And then an editor named Slavko Vorkapic, which may be the greatest name in film history.

John: That’s a great name.

Craig: Slavko Vorkapic came up with this other thing that they started called the Vorkapic which was what we now think of as the montage. A collage of scenes, often set to music, without dialogue, that sped through a longer amount of time in a dream-like way. And he was called upon, you know what we need here, we need a Vorkapic. Get Slavko Vorkapic to do this for us. And he would.

Over time, of course, this just became known as the montage. And unfortunately you and I, children of the ‘80s, ‘70s and ‘80s, we know that the montage became this overused cliché thing that happened in every action movie and every teen comedy where somebody had to get beautiful, get strong, get skilled. And so they did it within 45 seconds set to a terrible ‘80s song.

John: A power ballad usually.

Craig: Power ballad usually. You know, and “You’re the best, around.” I mean, that’s the ultimate, right? The Karate Kid 1. And–

John: But in the South Park Movie, “You Need a Montage.” I mean, it’s absolutely true.

Craig: “You need a montage.” And where it got absurd was that the montage became this kind of lame-o way of doing what’s supposed to be the best part of movies, which is watching the caterpillar turn into a butterfly was reduced down to some 40-second baloney song. And it was just unbelievable. But that’s just an abuse of montage. There are some terrific ways to use montage, and you still see them, it’s just they’re not quite so hammer to the face.

John: Yeah. Let’s talk about sort of why montages get a knock in scripts. I think a lot of times you see a montage, if you see a montage in a movie, sometimes you can sense like, oh you know what, that really wasn’t supposed to be a montage. They were just trying to cut through a bunch of stuff. So, a bunch of little scenes got sort of chopped up into a montage that were never supposed to be a montage. So that’s one thing.

But a lot of times in a script level you’ll see the writer is just basically trying to cheat and rush through a bunch. They’re trying to get their page count down, so they’ll take a bunch of little small scenes and bullet point them as a montage when they’re not really a montage. They’re really just a bunch of small scenes.

The reason why line producers hate montages is they actually take a tremendous amount of time to shoot. Because like you’re going to this location, that location, this location, that location.
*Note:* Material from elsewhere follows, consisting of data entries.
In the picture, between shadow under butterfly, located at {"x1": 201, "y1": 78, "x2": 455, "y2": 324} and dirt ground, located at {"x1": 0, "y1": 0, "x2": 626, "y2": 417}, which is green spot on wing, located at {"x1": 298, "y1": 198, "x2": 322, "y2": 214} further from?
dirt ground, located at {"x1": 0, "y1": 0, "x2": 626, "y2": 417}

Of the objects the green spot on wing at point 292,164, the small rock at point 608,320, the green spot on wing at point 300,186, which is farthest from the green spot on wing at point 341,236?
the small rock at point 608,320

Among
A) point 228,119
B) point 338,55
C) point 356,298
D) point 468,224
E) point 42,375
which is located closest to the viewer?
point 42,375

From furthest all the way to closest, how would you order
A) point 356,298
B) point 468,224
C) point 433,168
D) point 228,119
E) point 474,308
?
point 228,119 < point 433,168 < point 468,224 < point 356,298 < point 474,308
Well, every time you’re going to a new location, that’s a tremendous expense of time and money for a production.

And so line producers will go through your script and they’ll see a montage and they’ll just shudder because they know that actually is a lot of work. A lot more work than it looks like in the script.

And then, of course, the real problem is they’re just such a cliché. And so so often you’ll see the training montage, the she gets beautiful montage, the whatever to get from one place to another place montage where we’ve seen it so many times that it’s painful to watch it.
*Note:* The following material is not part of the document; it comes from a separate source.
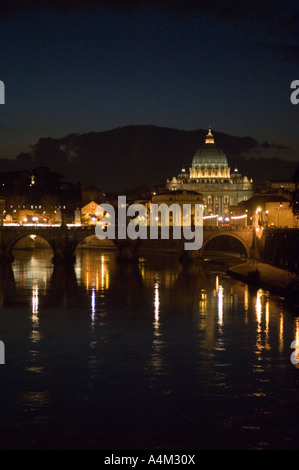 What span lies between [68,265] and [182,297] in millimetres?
20772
Craig: Yeah. You really aren’t allowed anymore to have somebody train in a montage. That’s done. You can’t do it. It’s not that South Park killed it, but South Park simply sang the funeral song. It was already dead.

John: Yeah.

Craig: So, that you can’t do anymore. Nor can you do – and training montage isn’t just I’m getting strong, or I’m learning how to fight. It is also I’m changing my appearance. Or perhaps the worst of them all, I’m going to try on clothes.

John: Ugh.

Craig: Whilst my friend – my impotent friend – stands there nodding no, no, no at that hat. And you go, really? And she goes, “Uh-uh.”

John: Yeah. The curtains slide open and close.
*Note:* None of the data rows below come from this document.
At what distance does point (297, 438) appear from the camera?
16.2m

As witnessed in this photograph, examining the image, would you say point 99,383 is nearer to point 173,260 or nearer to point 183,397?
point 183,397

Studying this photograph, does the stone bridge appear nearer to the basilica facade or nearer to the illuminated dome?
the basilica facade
Craig: Ugh. And it is lazy. And you’re right. They actually do take an enormous amount of time to do. I mean, we did a montage in – we’ve talked about this one, the one in Hangover 2, where the montage was really a representation of this kind of strange Zen dream recovered memory that Zach Galifianakis’s character was having in which he remembers in these flashy surreal glimpses the night before. Except that the way he did it, he remembered them as children.

So, we had to shoot the crazy montage twice. Once with our actors, and then once with children doing the same things. And talk about an enormous investment for about 90 seconds of movie. They are hard to do.

But that’s okay. I like it when – and we don’t think of them as montages, but when people – characters in movies are experiencing something in a way that is not quite rational. A dream. A memory. They are under the influence of some kind of substance. Then a montage actually makes sense because the montage is essentially presenting what a broken reality should look like.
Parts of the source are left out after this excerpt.